Я видела эти казематы, и видела юношу, упавшего в обморок при виде их. Но в то время больница Сальпетриер уже выглядела совершенно иначе, как и Бисетр. Ее преображение началось с доктора Пинеля, который — благослови его Господь! — совершил настоящую гуманную революция, сняв с больных цепи. Все полагали, что без цепей сумасшедшие начнут кусаться, бесноваться, вредить себе и друг другу, но все оказалось совсем наоборот. Кроме того, выяснилось, что поставить диагноз больному и даже излечить его совершенно — вполне возможно, если не стеснять его свободу, если над ним не будет тяготеть страх физического наказания. В Сальпетриере читал лекции и практиковал великий Шарко, под его руководством учился там великий Зигмунд Фрейд, а еще Поль Рише, Александр Бине, Мартен Жане. Повторюсь, это был золотой век психиатрии. Американские психиатры, своеобразность методов которых повергает меня в шок, еще не предложили человечеству ни инсулино-шоковой терапии, ни лоботомии. Еще не была изобретена электрошоковая терапия, причиняющая пациентам дикие мучения и заканчивающаяся полной гибелью личности.

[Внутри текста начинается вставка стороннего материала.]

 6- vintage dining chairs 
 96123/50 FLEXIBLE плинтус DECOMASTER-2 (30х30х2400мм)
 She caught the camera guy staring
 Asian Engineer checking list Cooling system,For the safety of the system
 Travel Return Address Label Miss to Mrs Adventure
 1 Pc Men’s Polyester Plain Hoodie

Еще не придумали нейролептиков. Больных лечили гипнозом, широко применяли психоанализ, очень важными считались физиопроцедуры, режим питания, движение на свежем воздухе. Острые состояния купировали препараты растительного происхождения, бромиды, внутривенное введение кальция и наркотический сон. Мне доставляло радость видеть, как приходит в себя издерганная, измученная истерией женщина; как успокаивается солдат, для которого все еще продолжается кровопролитная война; как алкоголик, недавно в обитой войлоком палате ловивший чертей и крыс, выписывается нормальным человеком и со слезами на глазах благодарит доктора.

— Я не разделяю вашего оптимизма, мадемуазель, — сухо сказал мне доктор. — Этот несчастный попадает к нам в третий раз, и у меня есть основания предполагать, что четвертый раз будет и последним.

— А если он будет воздерживаться от алкоголя?

— Его организм все равно уже слишком изношен. Человеческое тело не прощает к себе подобного отношения, так же как и душа. Никто не в силах обновить ни то, ни другое. В вас еще остался восторг по поводу достижений научной мысли, мадемуазель?

— Там, где заканчивается мой восторг перед наукой — начинается преклонение перед милостью Господа. А она неисчерпаема, как вам известно.

— Ничего такого мне не известно. Более того — я поражен, встретив в своем некоторым образом коллеге столь трепетную веру во Всевышнего. Мне казалось, практическая медицина рано или поздно заставляет человека утратить веру.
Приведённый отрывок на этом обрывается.